How to Obtain an Accurate Forex Signal (2)
Maximum draw down as size
This is the greatest measure of getting a trader’s historical equity returns historically. Some traders refuse to get a loss. This causes them to continue losing trades forever or until they turn to winners.
Turning a loser into a winner sounds great, but will spend most of the margin and probably will never turn around. If it does not turn towards you, it could be leaving your entire account destroyed by a signal provider who may have lost 30 pips but survived until losing 800 pips.
Choose top forex signals
They will be displayed right on the signal provider’s main screen to choose from. Once you get some of the signal providers that are being considered for use, it’s time to dive deeper into their historical data.
Examine their real trading
Do they have a good win rate because they have opened many positions at once in the same currency pair? They may have 20 wins in a row.
It looks great, but when viewed a little more depth, you’ll see that there is only 1 trading place that wins 20 times. Is that impressive?
Check their draw on individual trades
Do they let a trade minus 300 pips and then close it when it reaches a 5 pips profit? This is a trader who lets losses out of control and reduces their winning trades. This is not the trader you want to control your money.

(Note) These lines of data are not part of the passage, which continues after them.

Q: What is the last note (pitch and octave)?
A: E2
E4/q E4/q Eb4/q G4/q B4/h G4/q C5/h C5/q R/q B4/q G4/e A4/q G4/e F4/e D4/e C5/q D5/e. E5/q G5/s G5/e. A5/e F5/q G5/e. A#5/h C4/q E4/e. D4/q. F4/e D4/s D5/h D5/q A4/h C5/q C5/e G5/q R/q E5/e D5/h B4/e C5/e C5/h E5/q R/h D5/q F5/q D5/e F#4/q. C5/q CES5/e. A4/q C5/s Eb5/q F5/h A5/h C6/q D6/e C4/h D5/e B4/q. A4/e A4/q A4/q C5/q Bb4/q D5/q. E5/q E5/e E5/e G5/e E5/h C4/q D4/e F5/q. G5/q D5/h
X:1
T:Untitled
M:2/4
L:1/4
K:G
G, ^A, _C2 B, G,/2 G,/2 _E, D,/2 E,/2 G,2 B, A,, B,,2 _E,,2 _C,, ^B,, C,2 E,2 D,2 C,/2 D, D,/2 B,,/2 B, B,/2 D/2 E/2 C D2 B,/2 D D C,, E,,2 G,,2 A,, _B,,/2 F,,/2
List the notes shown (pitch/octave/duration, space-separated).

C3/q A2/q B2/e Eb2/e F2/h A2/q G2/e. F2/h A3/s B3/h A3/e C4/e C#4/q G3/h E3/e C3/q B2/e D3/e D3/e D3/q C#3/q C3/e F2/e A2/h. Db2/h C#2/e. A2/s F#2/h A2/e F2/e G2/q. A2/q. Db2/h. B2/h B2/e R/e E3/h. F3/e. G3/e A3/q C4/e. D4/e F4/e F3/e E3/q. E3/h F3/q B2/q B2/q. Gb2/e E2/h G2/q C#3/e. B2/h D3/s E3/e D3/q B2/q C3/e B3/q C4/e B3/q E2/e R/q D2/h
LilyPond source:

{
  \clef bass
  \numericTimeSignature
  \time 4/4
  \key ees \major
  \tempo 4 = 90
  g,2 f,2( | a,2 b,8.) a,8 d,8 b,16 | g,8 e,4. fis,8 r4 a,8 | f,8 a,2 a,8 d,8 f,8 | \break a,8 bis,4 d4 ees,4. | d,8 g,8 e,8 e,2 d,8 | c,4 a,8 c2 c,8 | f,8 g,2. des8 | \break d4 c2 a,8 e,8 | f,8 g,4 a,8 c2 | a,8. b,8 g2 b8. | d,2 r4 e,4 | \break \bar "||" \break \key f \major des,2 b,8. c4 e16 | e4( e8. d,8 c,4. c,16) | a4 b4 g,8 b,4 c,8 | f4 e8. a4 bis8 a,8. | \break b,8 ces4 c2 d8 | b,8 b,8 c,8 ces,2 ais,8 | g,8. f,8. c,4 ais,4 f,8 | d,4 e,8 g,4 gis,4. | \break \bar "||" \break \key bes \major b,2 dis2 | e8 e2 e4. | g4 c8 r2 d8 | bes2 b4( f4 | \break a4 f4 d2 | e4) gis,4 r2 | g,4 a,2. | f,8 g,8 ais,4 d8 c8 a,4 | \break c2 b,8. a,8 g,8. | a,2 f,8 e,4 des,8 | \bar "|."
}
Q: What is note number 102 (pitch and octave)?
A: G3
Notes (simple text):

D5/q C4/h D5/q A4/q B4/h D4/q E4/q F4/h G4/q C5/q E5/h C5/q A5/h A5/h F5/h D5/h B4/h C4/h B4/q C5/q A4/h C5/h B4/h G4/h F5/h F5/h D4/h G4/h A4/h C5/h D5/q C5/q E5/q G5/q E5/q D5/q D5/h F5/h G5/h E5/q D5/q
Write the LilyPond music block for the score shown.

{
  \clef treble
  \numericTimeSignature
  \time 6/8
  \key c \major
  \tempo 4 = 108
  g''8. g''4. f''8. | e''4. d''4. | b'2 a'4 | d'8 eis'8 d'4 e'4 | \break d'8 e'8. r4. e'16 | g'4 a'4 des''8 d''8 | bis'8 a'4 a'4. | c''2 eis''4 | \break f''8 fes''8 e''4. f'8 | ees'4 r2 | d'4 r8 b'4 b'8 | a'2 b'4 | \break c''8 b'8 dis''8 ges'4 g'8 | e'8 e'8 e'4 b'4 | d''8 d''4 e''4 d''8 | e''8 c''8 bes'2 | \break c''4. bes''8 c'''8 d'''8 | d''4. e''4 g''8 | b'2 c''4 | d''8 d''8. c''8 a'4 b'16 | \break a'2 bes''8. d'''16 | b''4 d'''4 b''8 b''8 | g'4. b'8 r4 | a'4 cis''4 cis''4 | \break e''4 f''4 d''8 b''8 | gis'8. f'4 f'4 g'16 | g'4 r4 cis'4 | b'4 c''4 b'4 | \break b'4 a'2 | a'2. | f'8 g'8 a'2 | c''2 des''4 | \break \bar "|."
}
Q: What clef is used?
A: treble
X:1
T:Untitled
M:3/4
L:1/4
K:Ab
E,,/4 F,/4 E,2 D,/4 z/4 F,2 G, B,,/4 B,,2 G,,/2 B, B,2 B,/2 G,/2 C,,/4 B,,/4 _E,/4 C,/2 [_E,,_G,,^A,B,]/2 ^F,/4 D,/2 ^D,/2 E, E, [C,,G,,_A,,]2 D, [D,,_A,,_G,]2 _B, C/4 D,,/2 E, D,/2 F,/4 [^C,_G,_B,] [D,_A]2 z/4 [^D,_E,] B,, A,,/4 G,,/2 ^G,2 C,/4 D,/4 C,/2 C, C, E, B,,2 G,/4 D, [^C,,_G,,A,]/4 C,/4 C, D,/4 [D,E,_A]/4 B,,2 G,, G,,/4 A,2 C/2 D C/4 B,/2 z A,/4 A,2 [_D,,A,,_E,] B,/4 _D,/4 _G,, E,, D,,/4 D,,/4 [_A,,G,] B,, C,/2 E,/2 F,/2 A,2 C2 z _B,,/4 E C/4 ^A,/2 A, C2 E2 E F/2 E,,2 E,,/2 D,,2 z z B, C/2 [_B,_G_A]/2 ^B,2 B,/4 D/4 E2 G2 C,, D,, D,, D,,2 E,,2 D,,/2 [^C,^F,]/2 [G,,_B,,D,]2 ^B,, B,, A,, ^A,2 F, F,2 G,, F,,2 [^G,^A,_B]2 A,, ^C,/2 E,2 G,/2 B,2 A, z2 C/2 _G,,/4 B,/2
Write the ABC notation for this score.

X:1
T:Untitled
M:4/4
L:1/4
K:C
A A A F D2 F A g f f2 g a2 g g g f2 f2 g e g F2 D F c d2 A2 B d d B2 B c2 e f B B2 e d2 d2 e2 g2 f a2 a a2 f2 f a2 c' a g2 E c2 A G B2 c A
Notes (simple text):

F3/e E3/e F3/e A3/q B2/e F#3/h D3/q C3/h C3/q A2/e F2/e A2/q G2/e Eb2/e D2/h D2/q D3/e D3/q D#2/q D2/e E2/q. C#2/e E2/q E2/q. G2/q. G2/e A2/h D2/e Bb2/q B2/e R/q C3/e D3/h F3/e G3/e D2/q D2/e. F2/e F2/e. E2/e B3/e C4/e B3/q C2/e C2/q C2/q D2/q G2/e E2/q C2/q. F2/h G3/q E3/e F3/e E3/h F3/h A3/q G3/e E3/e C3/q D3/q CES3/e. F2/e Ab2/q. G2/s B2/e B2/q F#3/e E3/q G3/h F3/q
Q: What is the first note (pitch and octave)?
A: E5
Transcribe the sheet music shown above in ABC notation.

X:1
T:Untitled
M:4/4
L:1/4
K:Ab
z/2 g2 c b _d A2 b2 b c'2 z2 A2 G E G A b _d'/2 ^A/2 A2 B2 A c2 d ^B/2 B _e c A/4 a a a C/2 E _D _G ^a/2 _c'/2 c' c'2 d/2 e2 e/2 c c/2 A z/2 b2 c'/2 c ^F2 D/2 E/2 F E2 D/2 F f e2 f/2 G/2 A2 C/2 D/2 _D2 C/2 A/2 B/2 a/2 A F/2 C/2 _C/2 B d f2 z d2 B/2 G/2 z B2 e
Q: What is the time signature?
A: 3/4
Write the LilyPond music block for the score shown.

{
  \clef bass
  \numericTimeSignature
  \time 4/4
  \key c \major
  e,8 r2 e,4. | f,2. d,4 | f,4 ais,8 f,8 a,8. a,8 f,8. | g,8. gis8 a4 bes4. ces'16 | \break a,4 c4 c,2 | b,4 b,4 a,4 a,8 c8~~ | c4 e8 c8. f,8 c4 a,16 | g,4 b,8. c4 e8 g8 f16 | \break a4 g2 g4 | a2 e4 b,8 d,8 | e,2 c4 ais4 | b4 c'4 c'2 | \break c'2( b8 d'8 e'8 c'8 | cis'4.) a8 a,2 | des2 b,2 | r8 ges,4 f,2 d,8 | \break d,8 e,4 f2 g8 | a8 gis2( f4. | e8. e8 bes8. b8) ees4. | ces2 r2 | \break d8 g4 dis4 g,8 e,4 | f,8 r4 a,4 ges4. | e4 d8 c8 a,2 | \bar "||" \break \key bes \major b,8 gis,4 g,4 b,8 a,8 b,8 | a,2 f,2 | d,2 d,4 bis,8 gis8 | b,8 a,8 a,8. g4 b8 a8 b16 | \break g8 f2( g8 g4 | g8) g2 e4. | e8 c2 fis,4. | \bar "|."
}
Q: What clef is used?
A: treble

Do they add a losing position?
A trader who constantly adds a whopping position and hopes the conditions will turn for him is not someone you want to trade your forex account.
Choose the signal provider that matches your profile
Some traders can deliver larger results over time, but take a greater risk that leads to greater decline. This may be fine with you.
Please if you want to trade using other trader’s trading signals. Provided you can meet the above criteria then you can go.